We cut to a wide shot of the police, frantically opening the back of the hearse and then the casket itself. And there it is: half a ton of caviar, in plastic containers, jammed into the casket and all around it. Under decorative wreaths. Everywhere.
No, this is not a movie. This shit actually went down this week in Russia.
Russia's Interior Ministry said in a statement that the Russian police uncovered 1,100 pounds of caviar in the back of a hearse that was pulled over for speeding.
The driver said he had been paid to transport a body to a funeral in nearby Khabarovsk. The seized caviar is reported to be worth upwards of 10 million roubles, or $156,000—but that seems like a pretty damn severe underestimation, given current caviar prices. In any event, it's a lot of caviar and worth many a rouble.

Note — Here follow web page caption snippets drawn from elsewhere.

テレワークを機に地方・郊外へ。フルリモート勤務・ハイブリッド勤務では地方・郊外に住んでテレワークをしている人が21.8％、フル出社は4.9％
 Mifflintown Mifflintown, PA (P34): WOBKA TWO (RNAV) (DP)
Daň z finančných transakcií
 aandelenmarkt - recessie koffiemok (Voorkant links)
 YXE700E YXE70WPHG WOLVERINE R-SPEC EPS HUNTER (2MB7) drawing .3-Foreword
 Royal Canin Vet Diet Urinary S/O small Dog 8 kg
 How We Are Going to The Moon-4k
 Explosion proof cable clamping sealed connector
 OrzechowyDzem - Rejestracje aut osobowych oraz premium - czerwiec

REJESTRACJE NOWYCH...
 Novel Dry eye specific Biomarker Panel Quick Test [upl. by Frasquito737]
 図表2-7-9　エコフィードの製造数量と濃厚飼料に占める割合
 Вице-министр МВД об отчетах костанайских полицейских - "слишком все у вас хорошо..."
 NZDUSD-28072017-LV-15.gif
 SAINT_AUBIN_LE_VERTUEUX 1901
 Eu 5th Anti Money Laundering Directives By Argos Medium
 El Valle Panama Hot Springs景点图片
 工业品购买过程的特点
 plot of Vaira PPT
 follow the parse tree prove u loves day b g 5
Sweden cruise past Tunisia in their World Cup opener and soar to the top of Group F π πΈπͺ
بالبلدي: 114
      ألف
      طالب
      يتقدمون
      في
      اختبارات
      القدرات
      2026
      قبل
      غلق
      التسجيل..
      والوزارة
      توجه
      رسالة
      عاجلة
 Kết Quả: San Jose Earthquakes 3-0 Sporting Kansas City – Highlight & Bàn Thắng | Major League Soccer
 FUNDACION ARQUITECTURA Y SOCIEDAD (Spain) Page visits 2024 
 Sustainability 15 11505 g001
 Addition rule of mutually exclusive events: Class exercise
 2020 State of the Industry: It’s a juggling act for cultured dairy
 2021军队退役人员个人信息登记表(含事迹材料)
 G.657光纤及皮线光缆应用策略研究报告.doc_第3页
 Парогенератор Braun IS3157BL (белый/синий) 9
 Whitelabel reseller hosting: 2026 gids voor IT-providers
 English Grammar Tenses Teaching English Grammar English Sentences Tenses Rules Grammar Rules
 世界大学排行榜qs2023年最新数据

Evidently, a second car was used as a decoy in an attempt to distract police. "But we decided to ignore it and stop the vehicle that was following it instead," said Inspector Artem Shpilev. The driver and a funeral parlor employee who accompanied him in the hearse were arrested. They claimed they had no idea what was in the hearse, telling police that they had been hired by a man in a village outside Khabarovsk who asked them to transport the body of a female relative to the city morgue.
Sturgeon—from whence caviar comes—is rapidly disappearing from the Caspian Sea due to illegal fishing. As such, Russia has tried to strictly regulate the caviar industry, which now consists of about 50 farms. According to The Guardian, "Wild caviar production and sturgeon fishing is almost entirely banned, except for indigenous peoples of Russia's north, who have to obtain permits."
Despite the ban, however, a study found that in 2010, only 19 out of 244 tons of caviar produced in Russia were made legally.
This is not the first intersection of fish eggs and death in Russia of late. In 2011, 385 pounds of caviar were found stored alongside dead bodies in a St. Petersburg morgue.
We'll have to wait for the Bond movie to come out. In the meantime, this all makes a mighty fine Halloween horror story to share with friends and family—with a shot of vodka, of course. Za vashe zdorovie!